## Extracted records

####

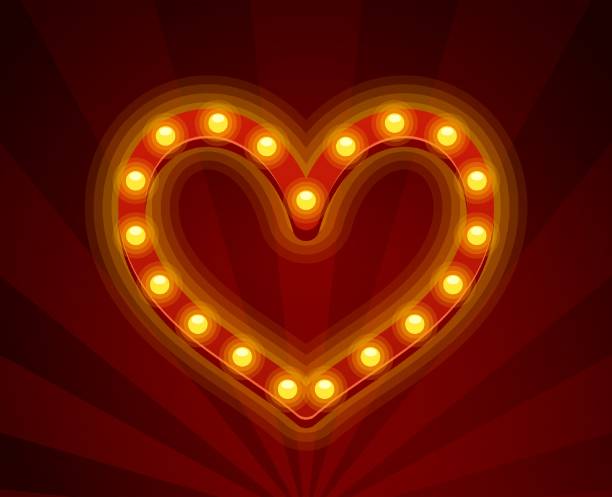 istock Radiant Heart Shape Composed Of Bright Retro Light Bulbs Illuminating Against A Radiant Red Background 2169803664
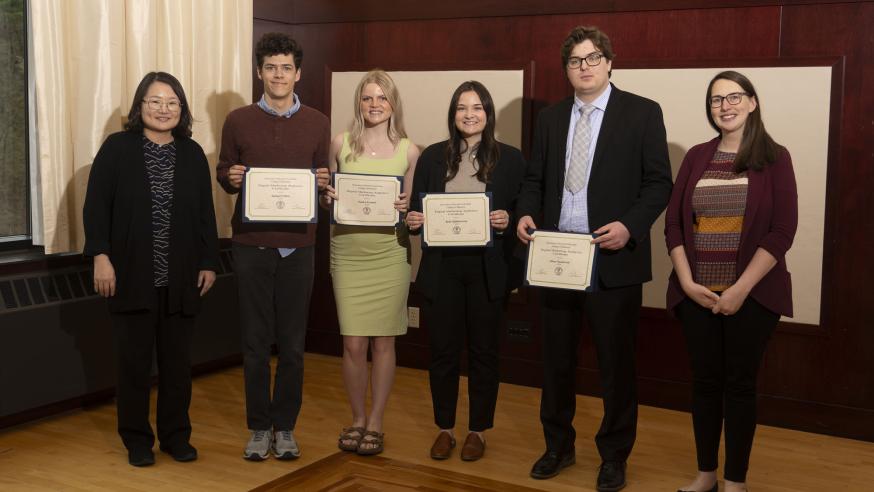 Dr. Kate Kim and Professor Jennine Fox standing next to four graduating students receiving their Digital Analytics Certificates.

####

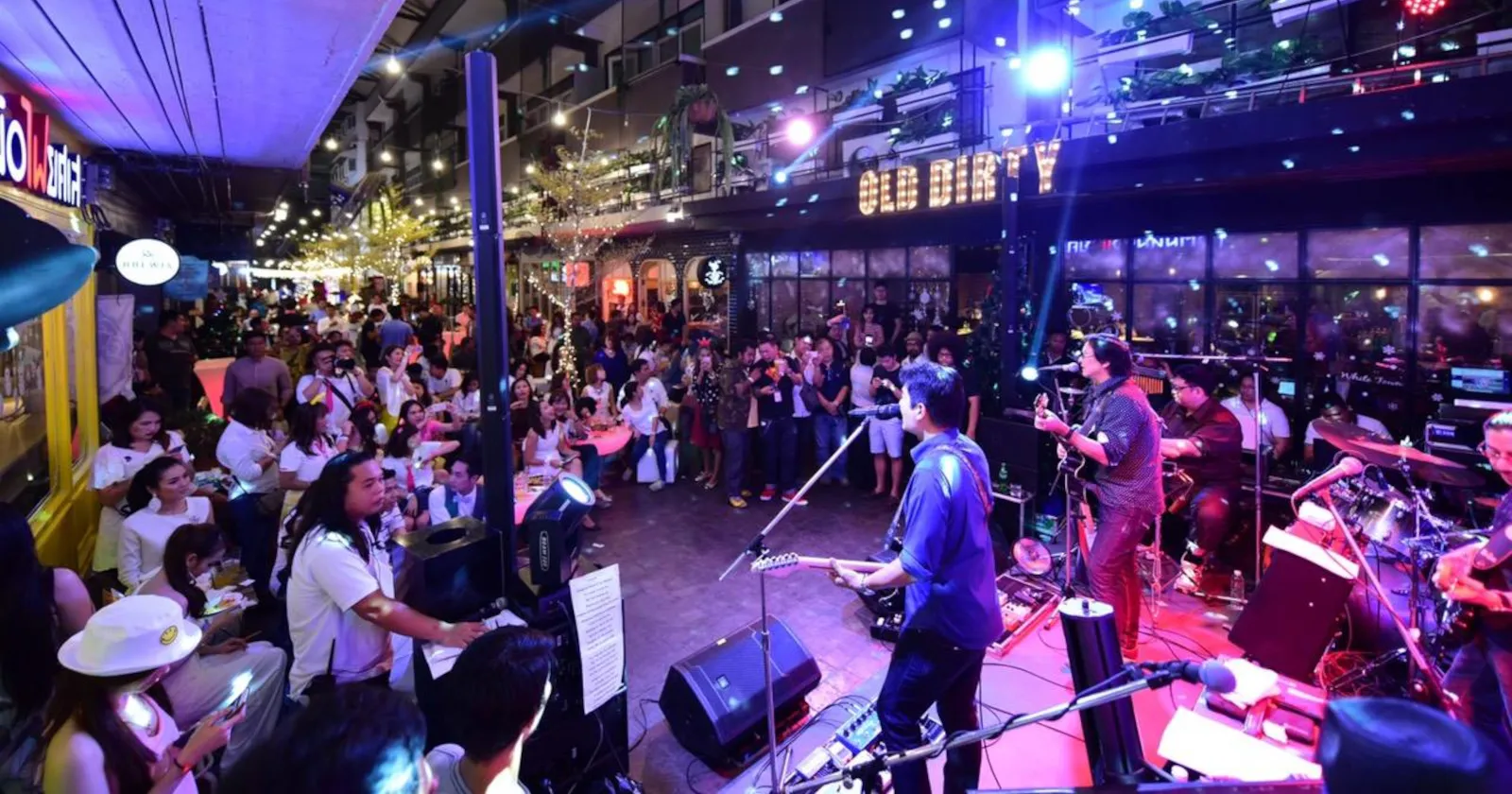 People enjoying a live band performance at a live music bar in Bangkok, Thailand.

####

## Task to carry out
Print exactly, with no pictures, the lines above from the one that holds "istock Radiant Heart" through the one that holds "Dr. Kate Kim", both of them included.

## Problem solution
 istock Radiant Heart Shape Composed Of Bright Retro Light Bulbs Illuminating Against A Radiant Red Background 2169803664
 Dr. Kate Kim and Professor Jennine Fox standing next to four graduating students receiving their Digital Analytics Certificates.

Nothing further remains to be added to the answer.